St. Paul is staring at a bruising $2.5 million bill after last summer’s cyberattack, a hit that knocked city networks offline, pulled in state and federal responders, and forced a crash course in digital damage control. City officials say the tally reflects emergency work to keep basic services running while systems were rebuilt and secured, and they are now drafting what they describe as a comprehensive improvement plan.
According to KSTP, the $2.5 million in unplanned recovery costs includes overtime, consulting support and new equipment. Services accounted for the largest chunk of that number, more than $2 million. Jonathan Wrolstad, a University of Minnesota cybersecurity professor, told the outlet, “It is expensive to have your data breach... you need to pay a lot of really highly skilled professionals.”
State Aid And Budget Pressures
Gov. Tim Walz has signed off on $1.2 million in state disaster assistance to help St. Paul dig out from the attack, part of a wider state response to the incident, according to GovTech. Looking further ahead, the city’s 2026 budget sets aside additional cybersecurity funding that officials say will support longer term upgrades. City leaders cast the state help and the future budget boost as ways to soften the immediate blow while they work on modernizing older, legacy systems.
How The City Responded
City timelines trace the start of the incident to July 25, 2025, when staff spotted suspicious activity on the network and leadership made the call to shut down many systems to contain the intrusion. The Minnesota National Guard’s Cyber Protection Team joined federal partners and private incident responders to assist St. Paul, while the city launched “Operation Secure Saint Paul,” a large scale push to reset passwords and inspect devices across thousands of employee accounts, according to the City of Saint Paul.
After the city refused to pay a ransom, the attackers published about 43 gigabytes of data from the Parks and Recreation department. A forensic review is underway, along with legally required notifications, as officials work through the fallout described on the city’s incident hub.

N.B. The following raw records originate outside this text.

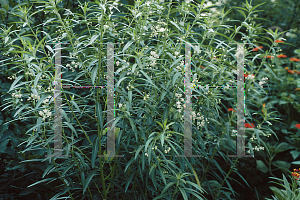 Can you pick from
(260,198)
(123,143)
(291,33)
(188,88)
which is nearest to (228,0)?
(291,33)

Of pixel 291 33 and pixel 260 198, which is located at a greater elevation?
pixel 291 33

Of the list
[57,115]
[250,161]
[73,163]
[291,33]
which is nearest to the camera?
[57,115]

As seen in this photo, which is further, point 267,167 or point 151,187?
point 267,167

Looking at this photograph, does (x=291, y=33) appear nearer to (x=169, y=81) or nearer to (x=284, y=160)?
(x=284, y=160)

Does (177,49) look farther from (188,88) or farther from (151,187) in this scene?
(151,187)

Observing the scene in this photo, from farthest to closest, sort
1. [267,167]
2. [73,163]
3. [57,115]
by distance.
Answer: [267,167]
[73,163]
[57,115]

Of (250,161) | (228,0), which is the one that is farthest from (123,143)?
(228,0)

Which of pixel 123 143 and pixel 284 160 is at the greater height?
pixel 123 143

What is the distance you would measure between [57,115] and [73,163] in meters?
0.41

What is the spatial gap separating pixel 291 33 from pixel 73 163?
551 centimetres

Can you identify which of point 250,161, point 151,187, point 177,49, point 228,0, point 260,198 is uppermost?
point 228,0

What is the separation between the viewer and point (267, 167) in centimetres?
361

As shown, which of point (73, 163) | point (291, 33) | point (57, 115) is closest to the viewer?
point (57, 115)

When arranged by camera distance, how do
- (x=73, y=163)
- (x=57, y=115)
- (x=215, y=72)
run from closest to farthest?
(x=57, y=115), (x=73, y=163), (x=215, y=72) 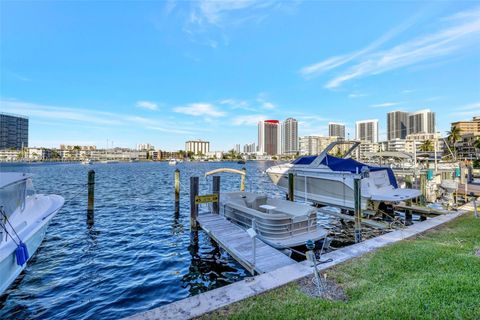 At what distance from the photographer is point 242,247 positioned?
757 cm

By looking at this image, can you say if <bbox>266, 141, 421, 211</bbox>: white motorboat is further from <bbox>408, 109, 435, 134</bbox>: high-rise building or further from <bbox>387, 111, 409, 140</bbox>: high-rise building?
<bbox>387, 111, 409, 140</bbox>: high-rise building

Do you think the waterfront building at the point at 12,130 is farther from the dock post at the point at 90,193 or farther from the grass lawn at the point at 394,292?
the grass lawn at the point at 394,292

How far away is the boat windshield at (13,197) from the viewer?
7041 millimetres

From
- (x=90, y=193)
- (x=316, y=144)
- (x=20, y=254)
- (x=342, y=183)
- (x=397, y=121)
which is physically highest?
(x=397, y=121)

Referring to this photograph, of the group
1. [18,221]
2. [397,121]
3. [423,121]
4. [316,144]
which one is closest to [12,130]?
[316,144]

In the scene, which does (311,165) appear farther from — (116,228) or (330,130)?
(330,130)

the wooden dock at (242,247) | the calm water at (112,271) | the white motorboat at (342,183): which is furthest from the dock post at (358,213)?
the calm water at (112,271)

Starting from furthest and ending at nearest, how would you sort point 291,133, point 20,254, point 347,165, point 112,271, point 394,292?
point 291,133 → point 347,165 → point 112,271 → point 20,254 → point 394,292

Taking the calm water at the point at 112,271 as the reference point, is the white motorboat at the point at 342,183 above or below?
above

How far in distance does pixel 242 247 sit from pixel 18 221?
24.1 feet

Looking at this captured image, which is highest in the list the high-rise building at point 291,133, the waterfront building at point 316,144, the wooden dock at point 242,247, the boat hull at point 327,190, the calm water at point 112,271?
the high-rise building at point 291,133

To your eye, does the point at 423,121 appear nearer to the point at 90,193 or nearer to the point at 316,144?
the point at 316,144

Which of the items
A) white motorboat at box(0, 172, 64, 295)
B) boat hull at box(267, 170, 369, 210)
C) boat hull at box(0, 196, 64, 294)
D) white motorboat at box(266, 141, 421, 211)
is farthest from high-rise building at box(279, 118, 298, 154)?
boat hull at box(0, 196, 64, 294)

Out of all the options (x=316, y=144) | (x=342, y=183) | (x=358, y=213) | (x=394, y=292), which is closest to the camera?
(x=394, y=292) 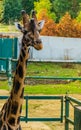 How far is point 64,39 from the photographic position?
94.0ft

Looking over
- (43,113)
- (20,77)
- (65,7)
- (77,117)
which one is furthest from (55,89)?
(65,7)

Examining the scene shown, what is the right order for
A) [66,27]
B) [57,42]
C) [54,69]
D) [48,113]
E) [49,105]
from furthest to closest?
[66,27]
[57,42]
[54,69]
[49,105]
[48,113]

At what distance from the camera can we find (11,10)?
7081 centimetres

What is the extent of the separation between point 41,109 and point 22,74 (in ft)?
22.2

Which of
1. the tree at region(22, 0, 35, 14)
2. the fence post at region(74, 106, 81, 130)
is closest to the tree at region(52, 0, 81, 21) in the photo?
the tree at region(22, 0, 35, 14)

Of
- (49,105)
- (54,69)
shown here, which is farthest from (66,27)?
(49,105)

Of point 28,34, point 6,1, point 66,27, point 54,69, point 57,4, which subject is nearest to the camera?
point 28,34

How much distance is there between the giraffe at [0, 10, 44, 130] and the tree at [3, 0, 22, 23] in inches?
2457

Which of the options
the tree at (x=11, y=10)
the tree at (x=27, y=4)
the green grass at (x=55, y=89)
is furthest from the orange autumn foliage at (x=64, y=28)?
the tree at (x=27, y=4)

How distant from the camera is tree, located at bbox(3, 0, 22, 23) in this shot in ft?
227

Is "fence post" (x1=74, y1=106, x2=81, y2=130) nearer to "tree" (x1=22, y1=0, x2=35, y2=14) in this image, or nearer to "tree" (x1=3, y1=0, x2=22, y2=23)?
"tree" (x1=3, y1=0, x2=22, y2=23)

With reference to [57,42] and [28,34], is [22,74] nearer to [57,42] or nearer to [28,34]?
[28,34]

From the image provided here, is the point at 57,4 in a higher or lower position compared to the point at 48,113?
higher

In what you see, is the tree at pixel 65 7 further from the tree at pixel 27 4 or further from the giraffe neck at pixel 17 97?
the giraffe neck at pixel 17 97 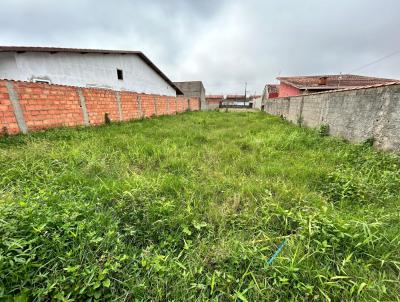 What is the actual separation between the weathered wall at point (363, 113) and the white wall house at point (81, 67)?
12031mm

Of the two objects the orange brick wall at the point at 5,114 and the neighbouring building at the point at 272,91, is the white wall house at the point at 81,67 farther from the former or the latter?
the neighbouring building at the point at 272,91

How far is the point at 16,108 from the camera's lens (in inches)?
148

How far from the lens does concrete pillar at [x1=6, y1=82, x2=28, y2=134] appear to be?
3.63 metres

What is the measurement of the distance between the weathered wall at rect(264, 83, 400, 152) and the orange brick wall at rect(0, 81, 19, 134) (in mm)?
7310

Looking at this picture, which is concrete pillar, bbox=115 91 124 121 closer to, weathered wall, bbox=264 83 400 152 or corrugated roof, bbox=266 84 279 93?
weathered wall, bbox=264 83 400 152

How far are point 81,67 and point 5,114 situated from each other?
8.64m

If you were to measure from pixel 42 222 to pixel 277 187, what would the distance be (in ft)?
7.91

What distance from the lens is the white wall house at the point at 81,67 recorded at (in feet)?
24.9

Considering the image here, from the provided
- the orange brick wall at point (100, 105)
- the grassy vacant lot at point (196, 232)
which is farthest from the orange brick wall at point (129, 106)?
the grassy vacant lot at point (196, 232)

After Action Review And The Next Steps
The city says cybersecurity specialists are finalizing a comprehensive after action report that will lay out specific next steps and investments. That process is in its final stages, KSTP reported. Officials postponed a planned interview until their data analysis is complete and told the station they expect the work to wrap up within the next month. City leaders say the longer term goal is to move off aging legacy systems and onto more modern platforms with stronger protections.
What Residents Should Know
Throughout the incident, emergency services such as 911 stayed online. The city has since worked to bring back public facing tools like library Wi Fi and payment portals, while separating public networks from internal systems to keep them more insulated. The City of Saint Paul’s incident hub also flags the risk of fraudulent invoices and notes that employees are being offered identity theft protection as part of the recovery, per official updates.
Officials stress that the $2.5 million figure is just the immediate response cost and not the total price of shoring up the city’s digital defenses. The current tally offers a concrete snapshot of what it takes to recover from a major municipal cyberattack, even as St. Paul banks on state aid, new budget priorities and its pending after action report to help close this chapter and lower the odds of reliving it.